*MATERIAL PROVIDED*.
################
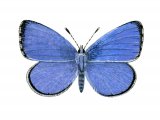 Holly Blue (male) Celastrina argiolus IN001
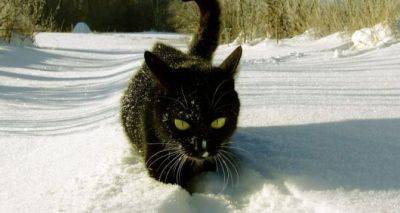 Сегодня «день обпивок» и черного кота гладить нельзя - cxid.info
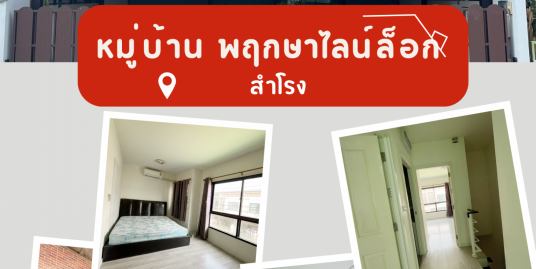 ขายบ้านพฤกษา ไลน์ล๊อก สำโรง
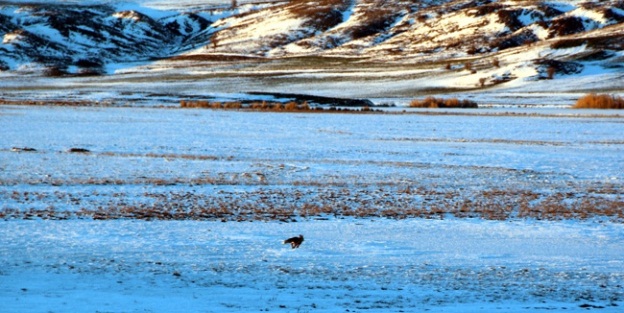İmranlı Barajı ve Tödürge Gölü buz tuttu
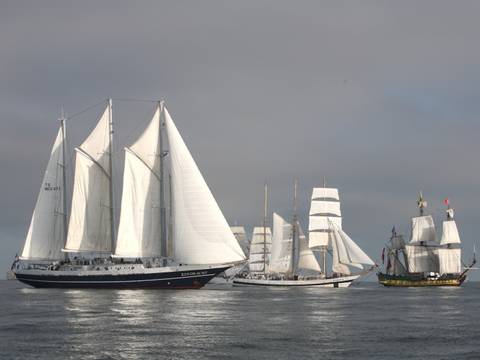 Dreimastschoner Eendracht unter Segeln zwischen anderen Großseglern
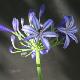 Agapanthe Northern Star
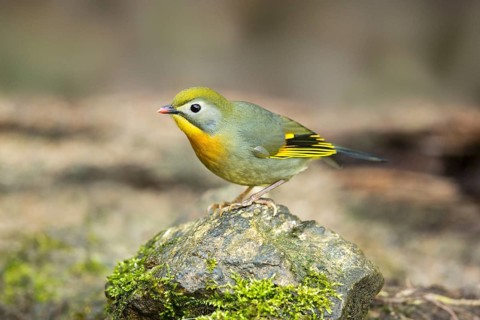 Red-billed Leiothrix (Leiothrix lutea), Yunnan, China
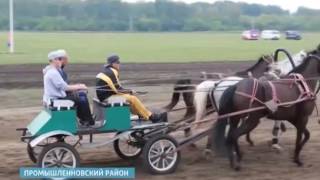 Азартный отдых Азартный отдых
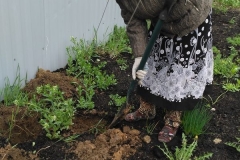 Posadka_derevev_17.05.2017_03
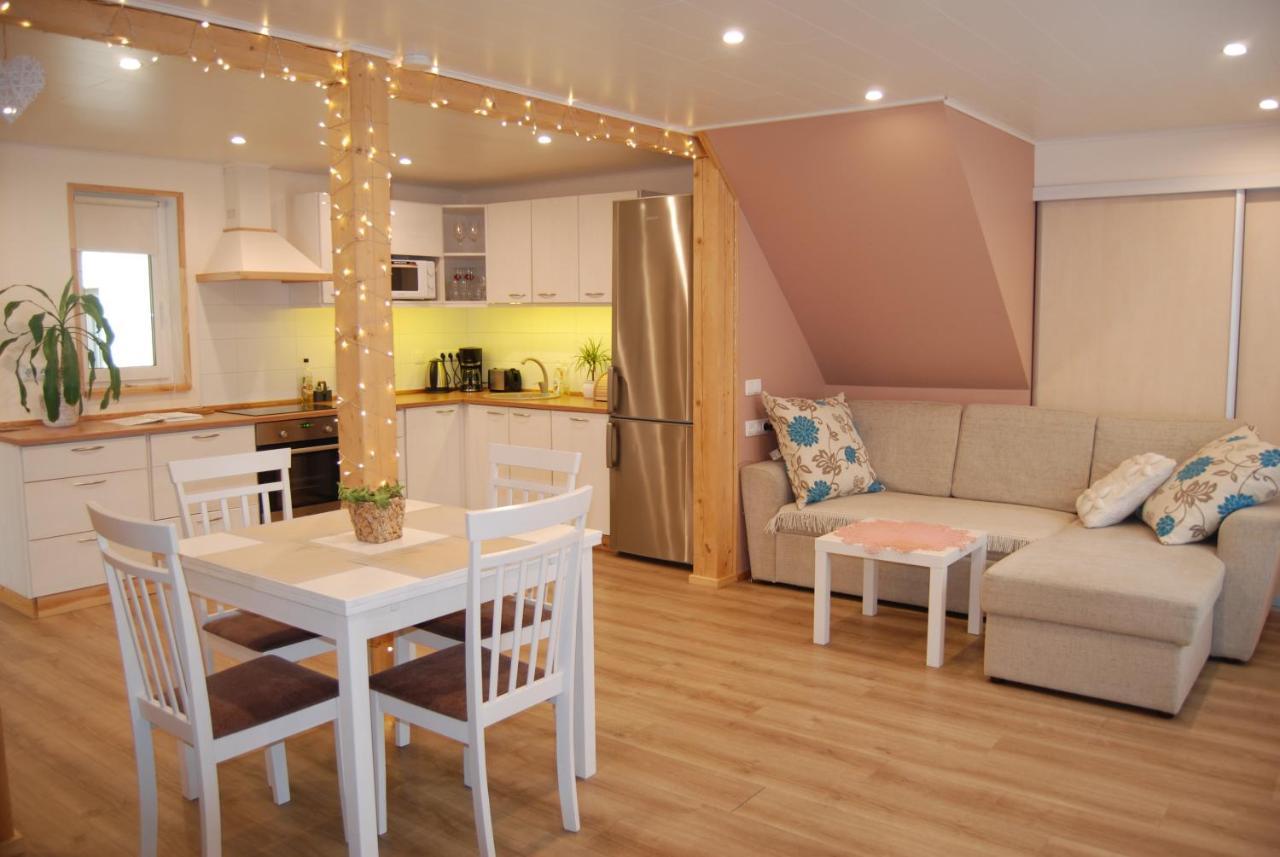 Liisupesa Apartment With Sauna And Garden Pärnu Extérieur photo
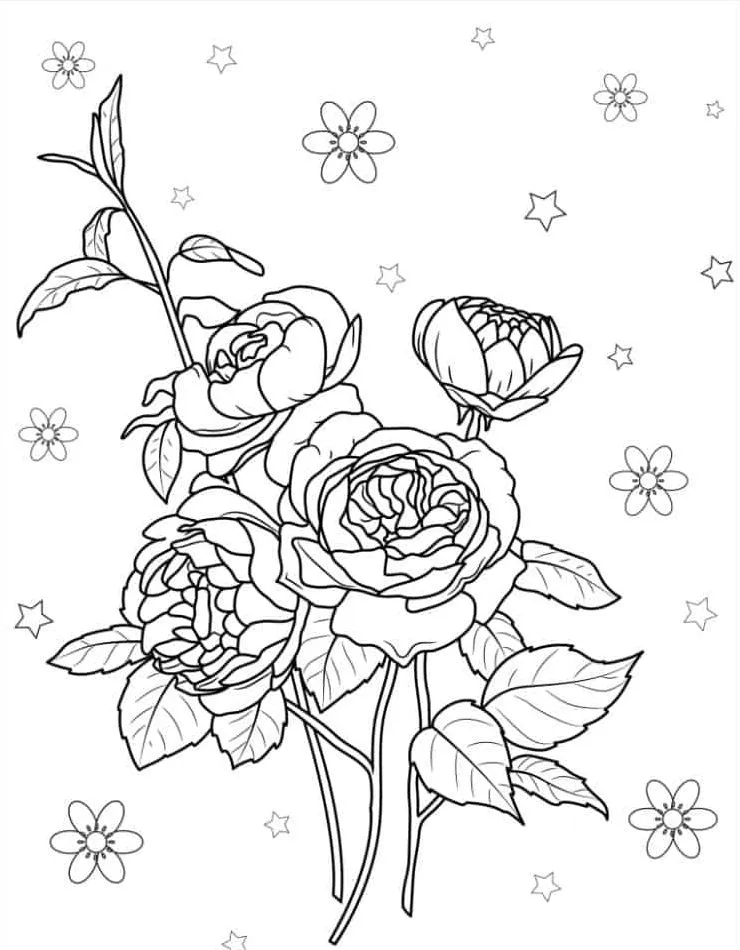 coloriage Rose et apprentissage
################
*PROBLEM STATEMENT*. Please copy out the material above exactly, with the images removed.

*ANSWER SPACE*.
 Holly Blue (male) Celastrina argiolus IN001
 Сегодня «день обпивок» и черного кота гладить нельзя - cxid.info
 ขายบ้านพฤกษา ไลน์ล๊อก สำโรง
İmranlı Barajı ve Tödürge Gölü buz tuttu
 Dreimastschoner Eendracht unter Segeln zwischen anderen Großseglern
 Agapanthe Northern Star
 Red-billed Leiothrix (Leiothrix lutea), Yunnan, China
 Азартный отдых Азартный отдых
 Posadka_derevev_17.05.2017_03
 Liisupesa Apartment With Sauna And Garden Pärnu Extérieur photo
 coloriage Rose et apprentissage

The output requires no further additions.